More development statistics

The LWN's development statistics are being published at end of each release cycle for as long as I can remember (Linux 6.3 stats). Thinking back, I can divide the stages of my career based on my relationship with those stats. Fandom; aspiring; success; cynicism; professionalism (showing the stats to my manager). The last one gave me the most pause.

Developers will agree (I think) that patch count is not a great metric for the value of the work. Yet, most of my managers had a distinct spark in their eye when I shared the fact that some random API refactoring landed me in the top 10.

Understanding the value of independently published statistics and putting in the necessary work to calculate them release after release is one of many things we should be thankful for to LWN.

Local stats

With that in mind it's only logical to explore calculating local subsystem statistics. Global kernel statistics can only go so far. The top 20 can only, by definition, highlight the work of 20 people, and we have thousands of developers working on each release. The networking list alone sees around 700 people participate in discussions for each release.

Another relatively recent development which opens up opportunities is the creation of the lore archive. Specifically how easy it is now to download and process any mailing list's history. LWN stats are generated primarily based on git logs. Without going into too much of a sidebar – if we care about the kernel community not how much code various corporations can ship into the kernel – mailing list data mining is a better approach than git data mining. Global mailing list stats would be a challenge but subsystems are usually tied to a single list.

netdev stats

During the 6.1 merge window I could no longer resist the temptation and I threw some Python and the lore archive of netdev into a blender. My initial goal was to highlight the work of people who review patches, rather than only ship code, or bombard the mailing list with trivial patches of varying quality. I compiled stats for the last 4 release cycles (6.1, 6.2, 6.3, and 6.4), each with more data and metrics. Kernel developers are, outside of matters relating to their code, generally quiet beasts so I haven't received a ton of feedback. If we trust the statistics themselves, however — the review tags on patches applied directly by networking maintainers have increased from around 30% to an unbelievable 65%.

We've also seen a significant decrease in the number of trivial patches sent by semi-automated bots (possibly to game the git-based stats). It may be a result of other push back against such efforts, so I can't take all the full credit :)

Random example

I should probably give some more example stats. The individual and company stats generated for netdev are likely not that interesting to a reader outside of netdev, but perhaps the “developer tenure” stats will be. I calculated those to see whether we have a healthy number of new members.
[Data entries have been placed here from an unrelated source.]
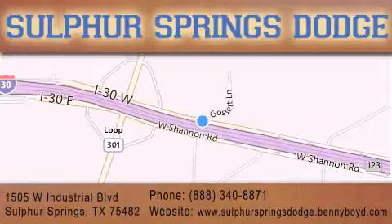We are conveniently located at 1505 West Industrial Drive in Sulphur Springs. Our goal is to exceed all of your expectations to ensure that you'll return for future service.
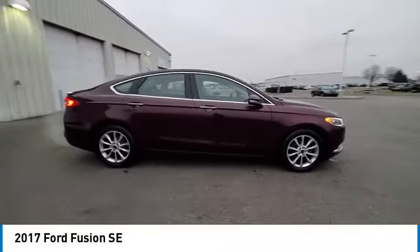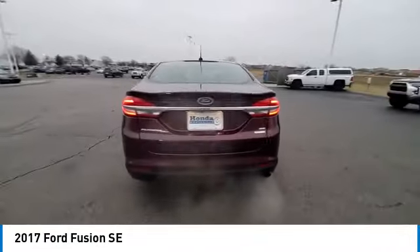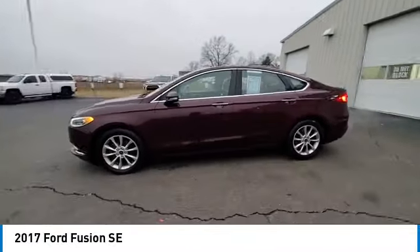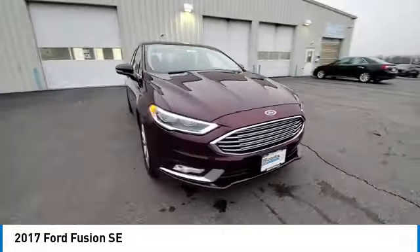Electronic stability control, brake assist, traction control, remote keyless entry, four-wheel disc brakes, speed control, rear window defroster, Sirius XM Radio, security system, low tire pressure warning.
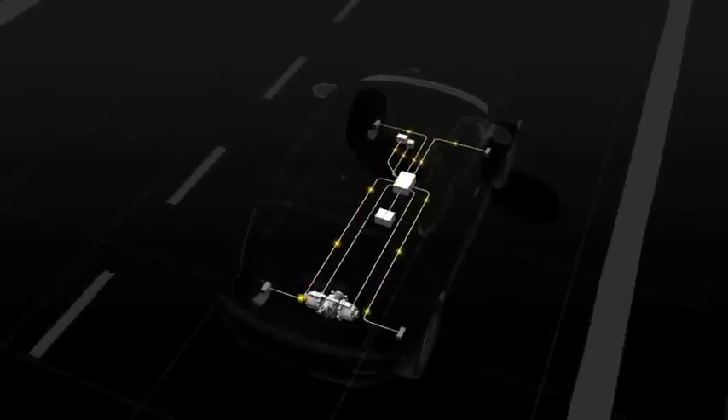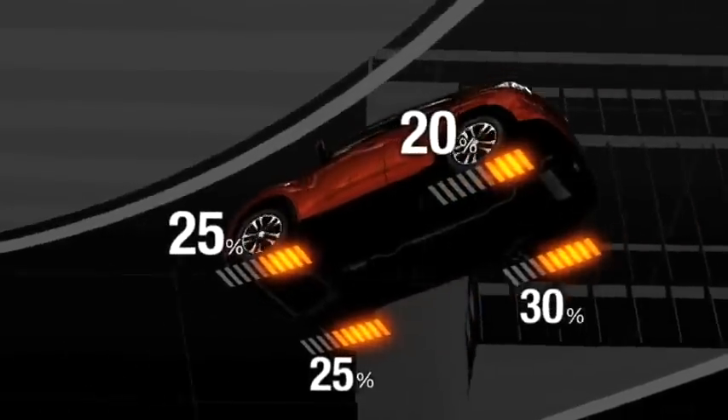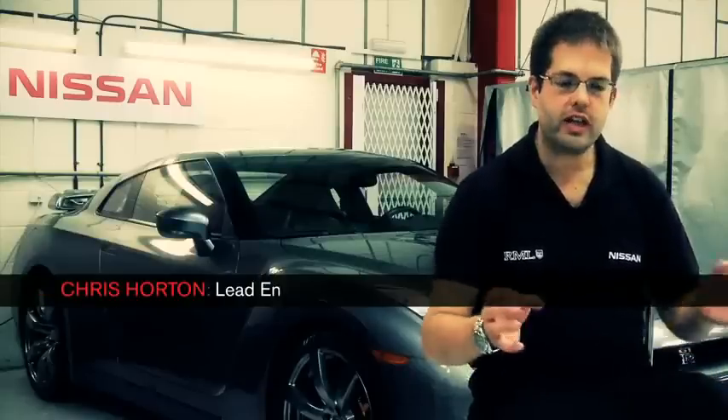There are three areas of key technologies that we'll be utilising in the Duke car. The first is the four-wheel drive system, which has the traction control and stability control, and most importantly the torque vectoring system. Torque vectoring is the way of controlling each wheel individually so that the car is both stable and maximises the performance available.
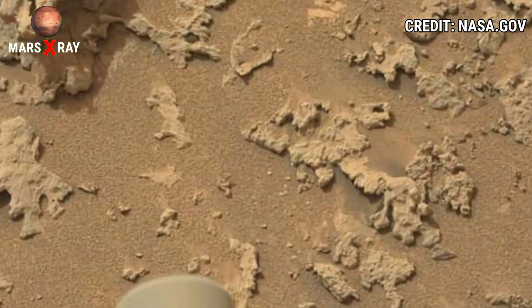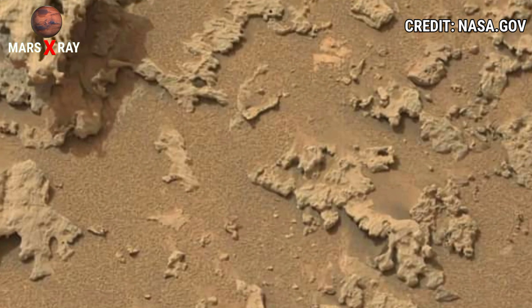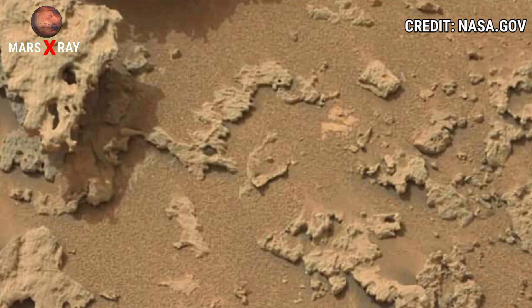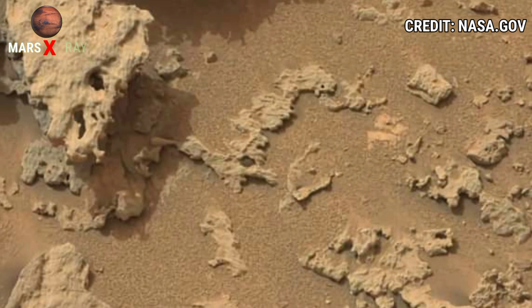Here is new video footage of the Mars surface from Perseverance Rover. Perseverance Rover is searching the surface of Mars. NASA's Mars Perseverance Rover, the latest rover from NASA, is searching the surface of Mars. Here is a new landscape of the Mars surface.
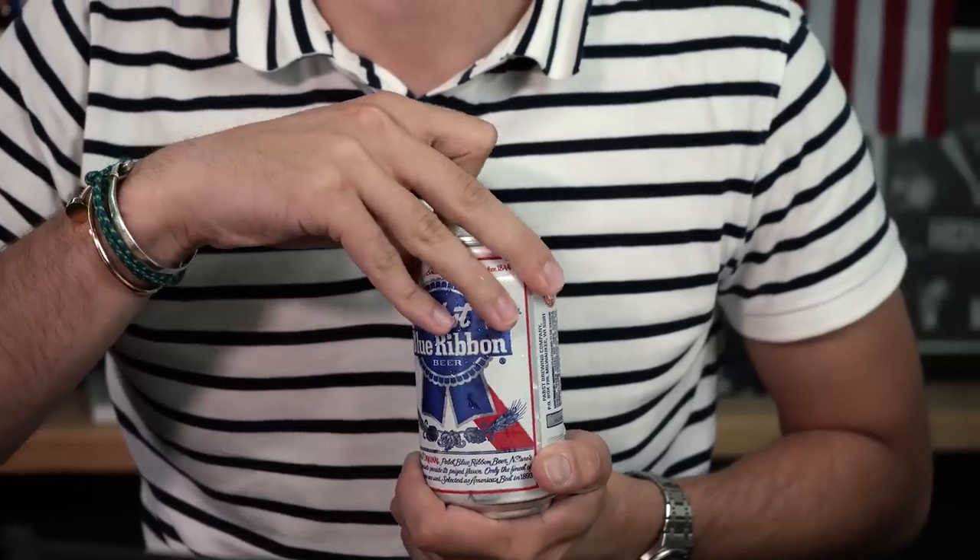I'm drinking PBR, I'm listening to Zac Brown Band, but what's the watch I'm wearing? That's right folks, it's 4th of July.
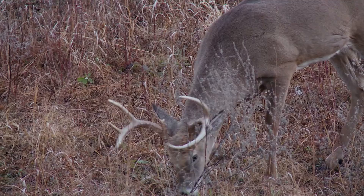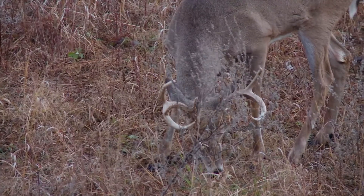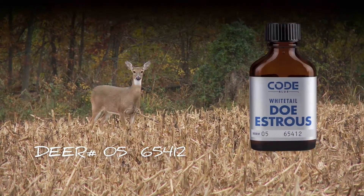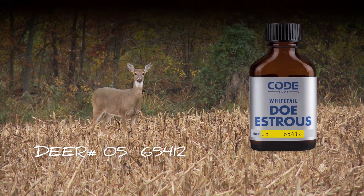It's not a blend, so you're not confusing the deer. The buck can only trail one doe at a time, and that's what we do here at Code Blue — we have one doe in one bottle. It's 100% pure; the effectiveness is second to none. That buck smells that one doe, and it drives them wild. 100% pure from one deer to one bottle.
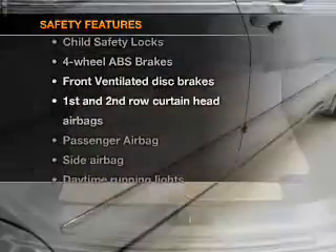And for your peace of mind, the following safety equipment is included: front ventilated disc brakes, passenger airbag, side airbag, curtain head airbags, and daytime running lights.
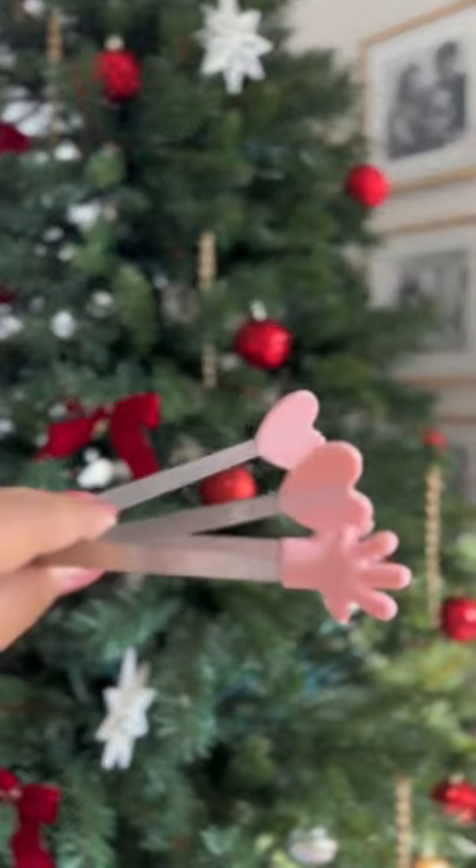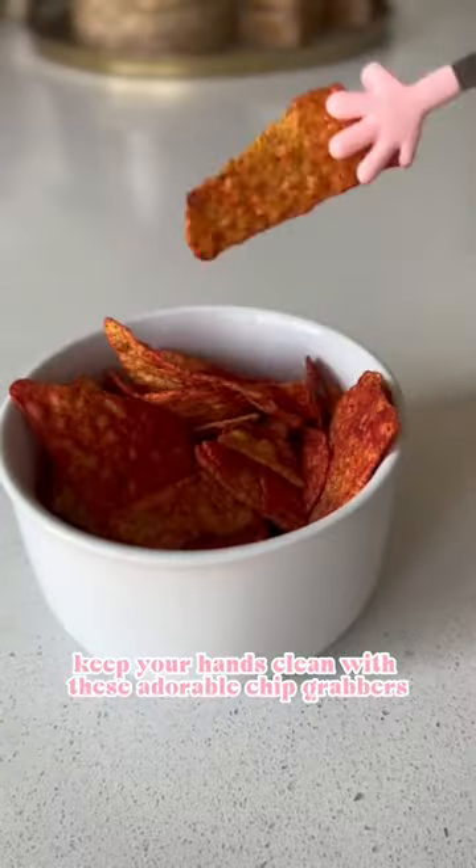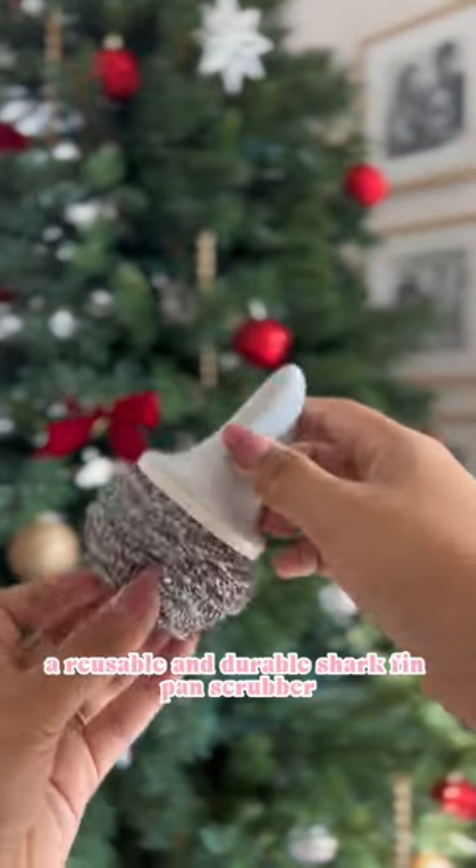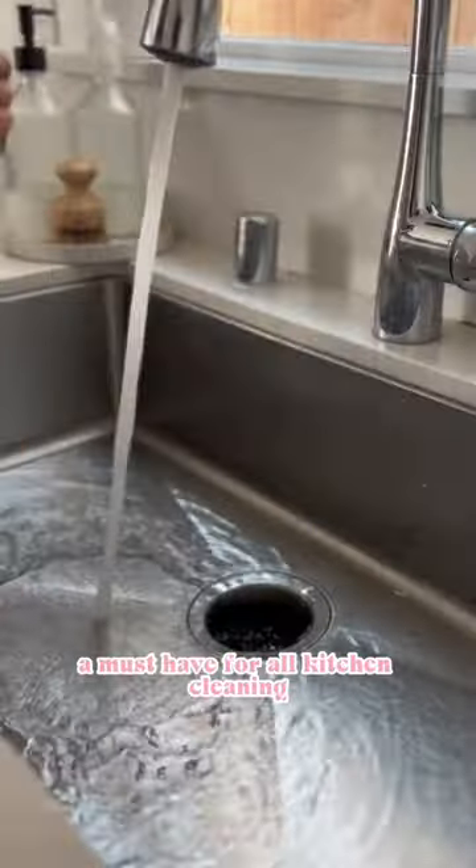Let's talk stocking stuffers that everyone can enjoy. Keep your hands clean with these adorable chip grabbers. This stylish toothbrush travel case. A reusable and durable shark fin pan scrubber — a must-have for all kitchen cleaning.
Time since first commit in the git history for reviewers
 0- 3mo   |   2 | *
 3- 6mo   |   3 | **
6mo-1yr   |   9 | *******
 1- 2yr   |  23 | ******************
 2- 4yr   |  33 | ##########################
 4- 6yr   |  43 | ##################################
 6- 8yr   |  36 | #############################
 8-10yr   |  40 | ################################
10-12yr   |  31 | #########################
12-14yr   |  33 | ##########################
14-16yr   |  31 | #########################
16-18yr   |  46 | #####################################
18-20yr   |  49 | #######################################

Time since first commit in the git history for authors
 0- 3mo   |  40 | **************************
 3- 6mo   |  15 | **********
6mo-1yr   |  23 | ***************
 1- 2yr   |  49 | ********************************
 2- 4yr   |  47 | ###############################
 4- 6yr   |  50 | #################################
 6- 8yr   |  31 | ####################
 8-10yr   |  33 | #####################
10-12yr   |  19 | ############
12-14yr   |  25 | ################
14-16yr   |  22 | ##############
16-18yr   |  32 | #####################
18-20yr   |  31 | ####################

As I shared on the list – the “recent” buckets are sparse for reviewers and more filled for authors, as expected. What I haven't said is that if one steps away from the screen to look at the general shape of the histograms, however, things are not perfect. The author and the reviewer histograms seem to skew in the opposite directions. I'll leave to the reader pondering what the perfect shape of such a graph should be for a project, I have my hunch. Regardless, I'm hoping we can learn something by tracking its changes over time.

Fin

To summarize – I think that spending a day in each release cycle to hack on/generate development stats for the community is a good investment of maintainer's time. They let us show appreciation, check our own biases and by carefully selecting the metrics – encourage good behavior. My hacky code is available on GitHub, FWIW, but using mine may go against the benefits of locality? LWN's code is also available publicly (search for gitdm, IIRC).